IV. La pensée de M. Fouillée est vivante et mobile ; elle se laisse malaisément enfermer dans des formules et se dérobe à la critique. Aussi est-ce tout avantage que d’y revenir après quelque intervalle et de l’apprécier comme à distance, en mettant à profit les premières objections qu’elle a soulevées[1]. Car la polémique, si stérile d’ordinaire pour les adversaires aux prises, est très instructive pour le lecteur. Dernièrement, M. Fouillée et M. Renouvier se rencontraient dans une discussion des plus courtoises[2] ; mais l’auteur étant plein de son sujet, et le critique rapportant tout, comme il le dit, à son propre point de vue, ils ne se sont guère entendus, non plus que des étrangers parlant une langue différente. En revanche, comme le spectateur était bien placé pour juger de la tournure des esprits, pour reconnaître l’orientation des doctrines !Comme il voyait bien que la plupart des coups portaient à faux, précisément parce que les objections faites du dehors à un système, bonnes pour signaler quelque vice de composition dans l’œuvre ou pour accuser quelque divergence d’opinion, laissent passer intact le système lui-même ! Et comme il se trouvait naturellement amené à entrer enfin dans la pensée de l’auteur pour en reconstruire, autant que possible, la genèse intime ! Pour comprendre les idées, il ne faut pas les traiter comme une chose morte ; il faut leur rendre le mouvement et la vie, il faut les repenser. Essayons donc de retrouver l’idée première, organique, de la théorie de M. Fouillée.
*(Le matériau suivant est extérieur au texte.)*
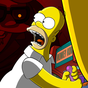 Les Simpson™ Springfield 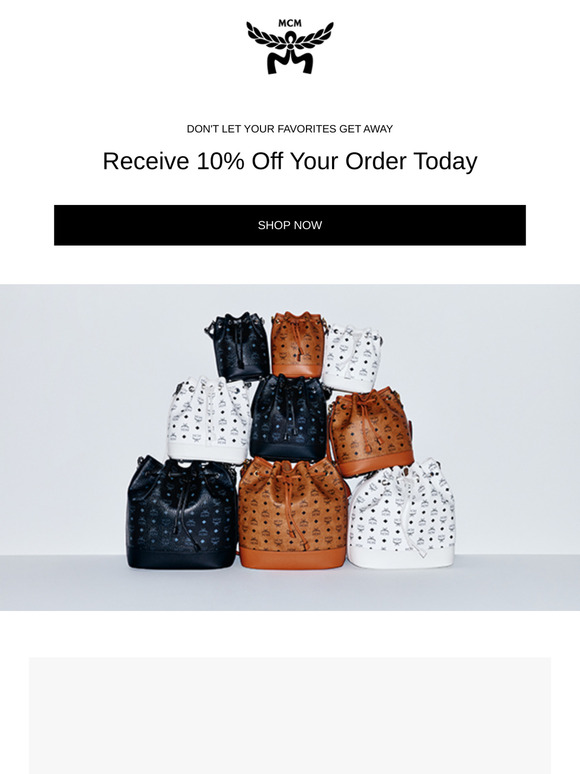 Your styles are limited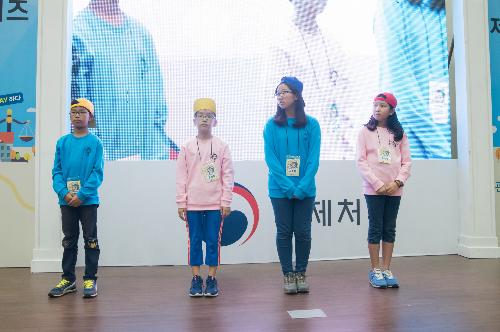 크기변환_20160921-DSC_0928.jpg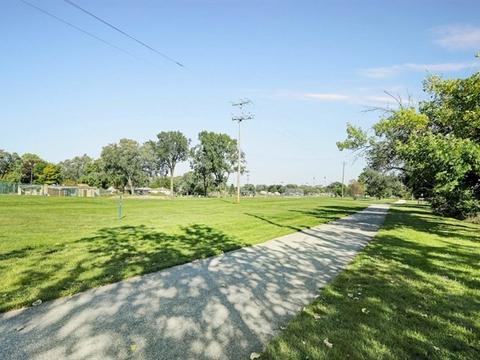 605 N Wolf Rd #C8, Hillside, IL 60162 photo 13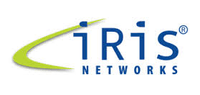 iRis Networks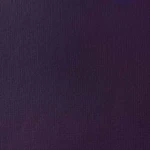 Akrylová barva Basics 118ml – 186 dioxazine purple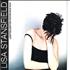 Lisa Stansfield Limited Edition Interview Disc CD album US STACDLI143887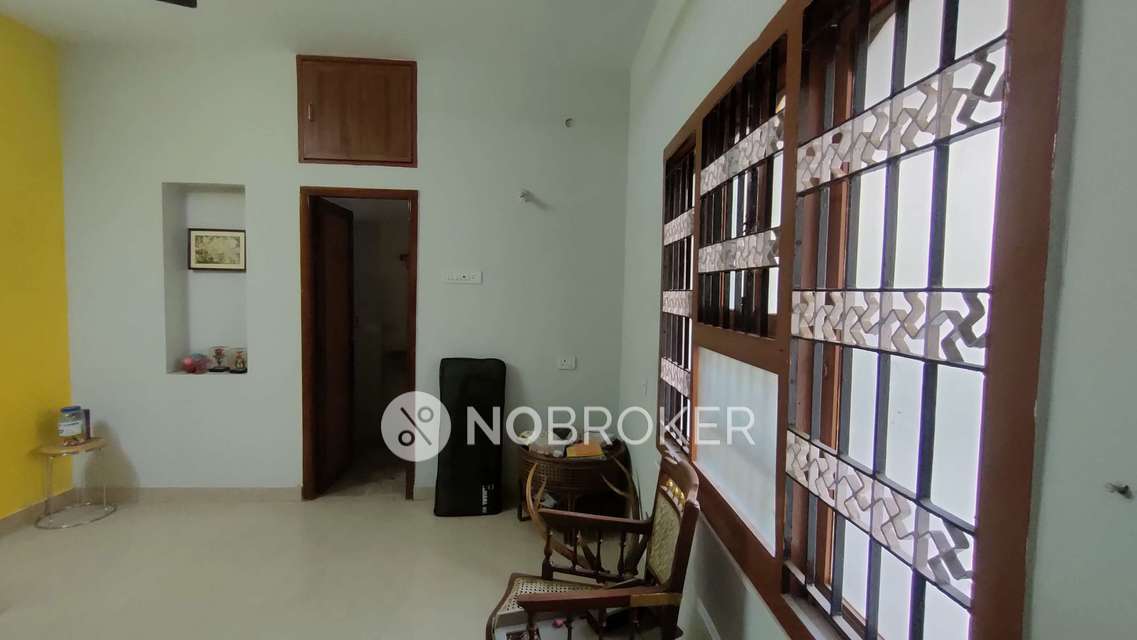 2 BHK House for Rent  In Anna Nagar West Extension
M. Fouillée a d’abord voué son génie à la métaphysique, et ses premières amours, on le sait, n’ont pas été infécondes. Mais un temps vint où il fut conduit, probablement par la préoccupation des questions sociales, à délaisser les considérations religieuses et transcendantes pour le point de vue positif et relativiste auquel l’homme apparaît comme un membre de la société, et la société comme un moment de l’évolution historique. D’une part, il voyait dans la conciliation du déterminisme et de la liberté un trait d’union tout indiqué entre la science et la conscience ; et d’autre part il croyait tenir dans la liberté le principe commun de la justice et de la fraternité, c’est-à-dire le fondement de l’ordre social. La sociologie se dessinait ainsi à ses yeux comme une science aisément superposable aux sciences inférieures, et réconciliant en son sein la nécessité mécanique et historique avec l’idéale moralité. Il ne restait qu’à précipiter l’absolu moral dans le devenir en coupant le câble qui l’attachait encore au rivage de la métaphysique, de manière à voguer de conserve avec les doctrines qui portent de nos

  1. Voir dans le Temps du 5 janvier 1879 un article de M. Janet, et la Critique philosophique, numéros 7, 14, 22, année 1879.
  2. Voir Critique philosophique, numéro 22, 1879.